§ INFORMATION SHOWN:

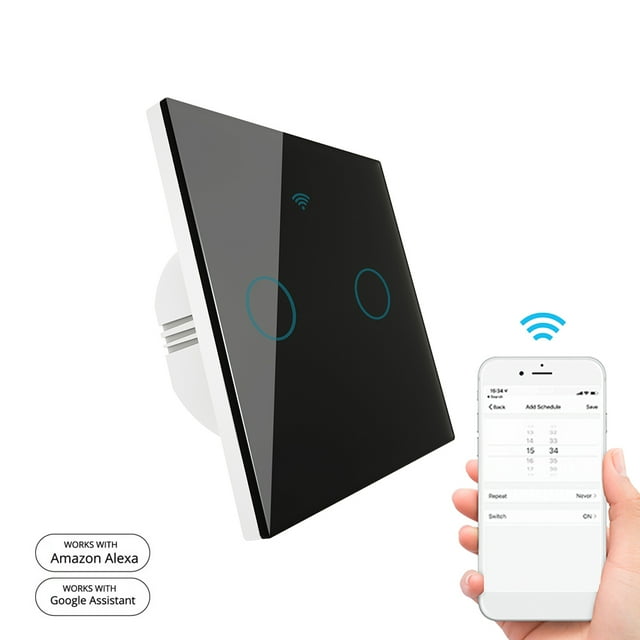 Yeacher 90-250V Smart Light Switch Wall Switch Wifi Remote APP Control Voice Control Compatible with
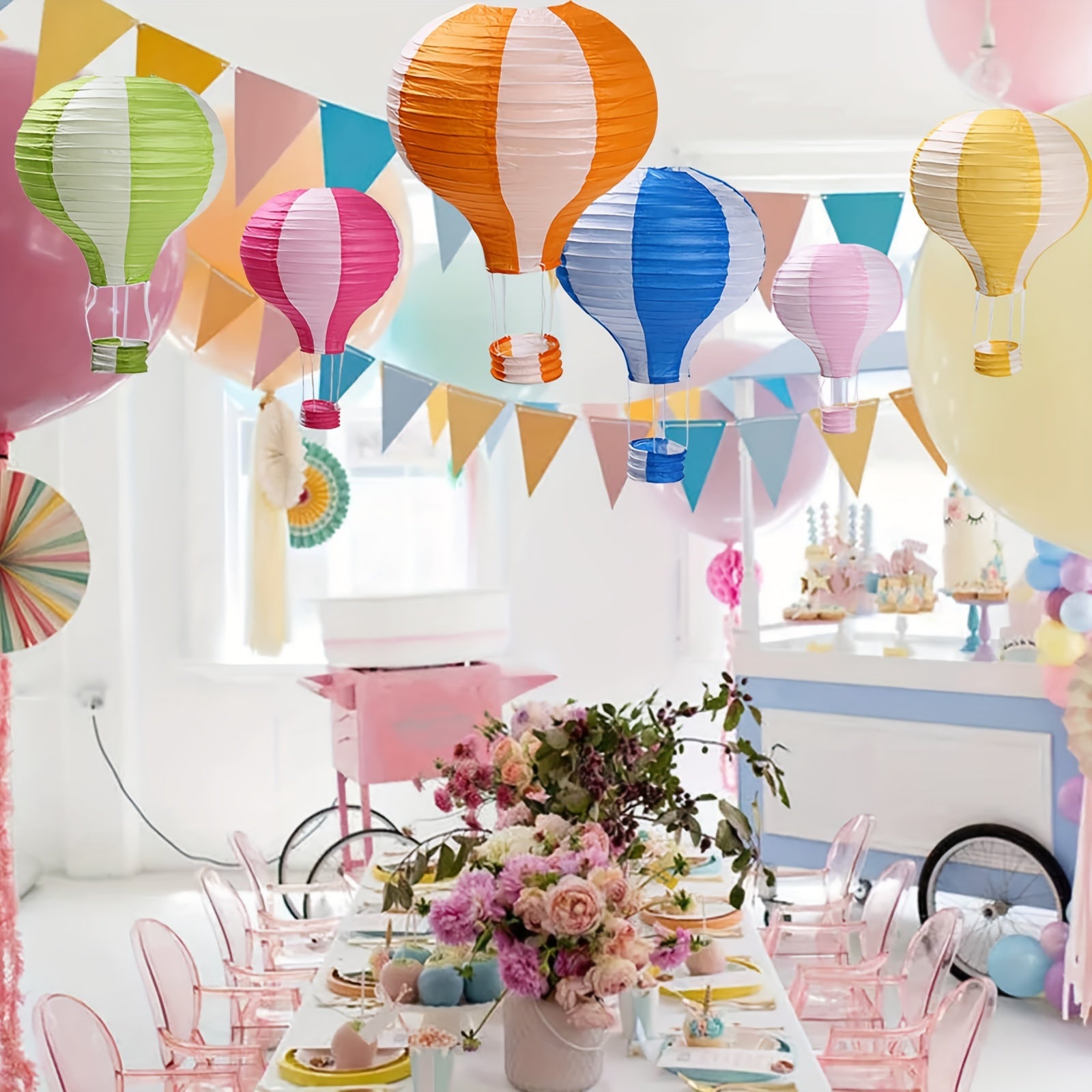 6pcs Hot Air Balloon Paper Lanterns Wedding Birthday Party Decor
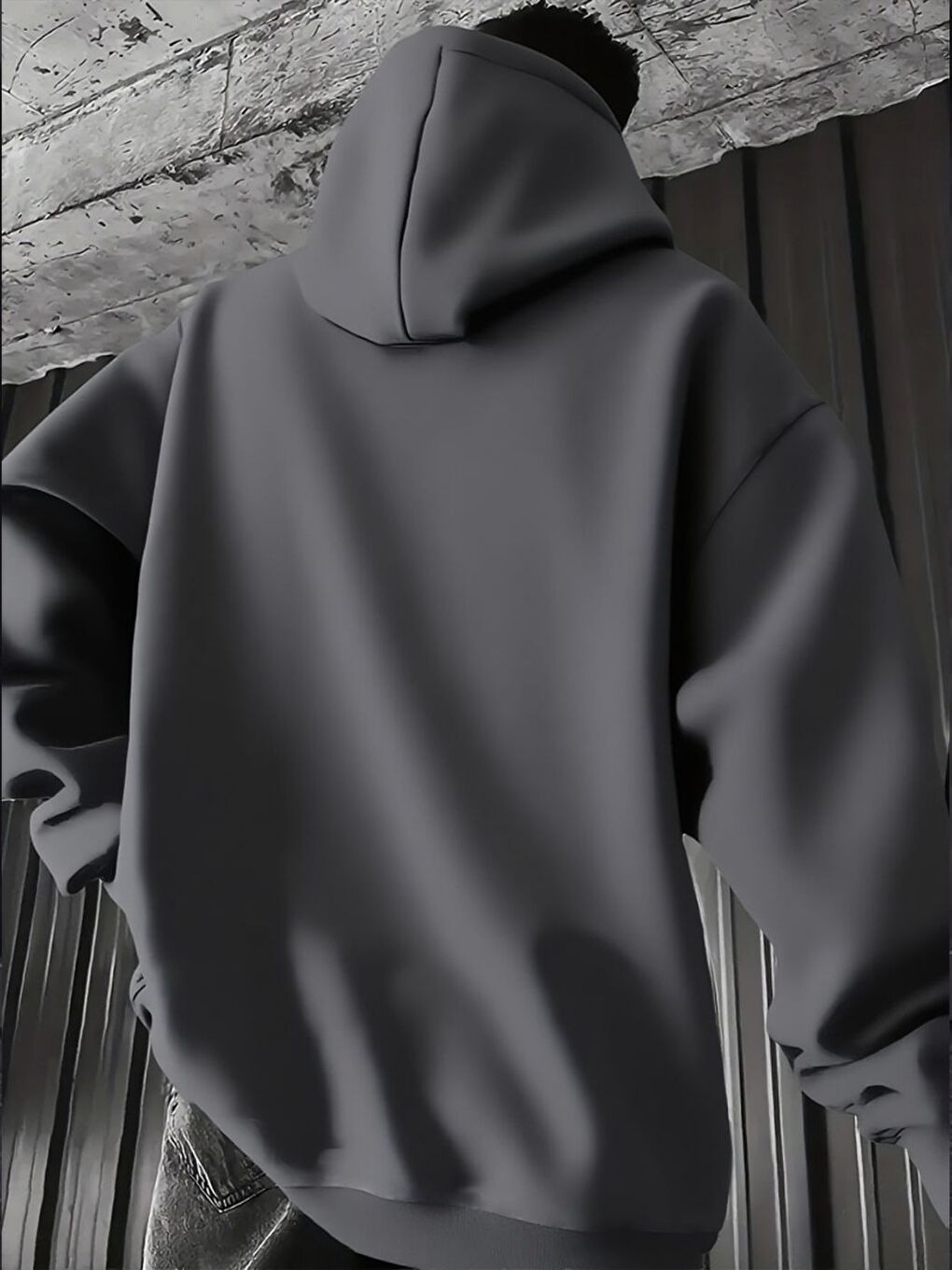 Gri Füme Baskısız Oversize Kapüşonlu New Sweatshirt-1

§ PROBLEM REQUIREMENTS:
Beginning with the line containing "6pcs Hot Air" and ending with the last line of the data, output those lines exactly and nothing more. Omit every picture.

§ RESULT:
 6pcs Hot Air Balloon Paper Lanterns Wedding Birthday Party Decor
 Gri Füme Baskısız Oversize Kapüşonlu New Sweatshirt-1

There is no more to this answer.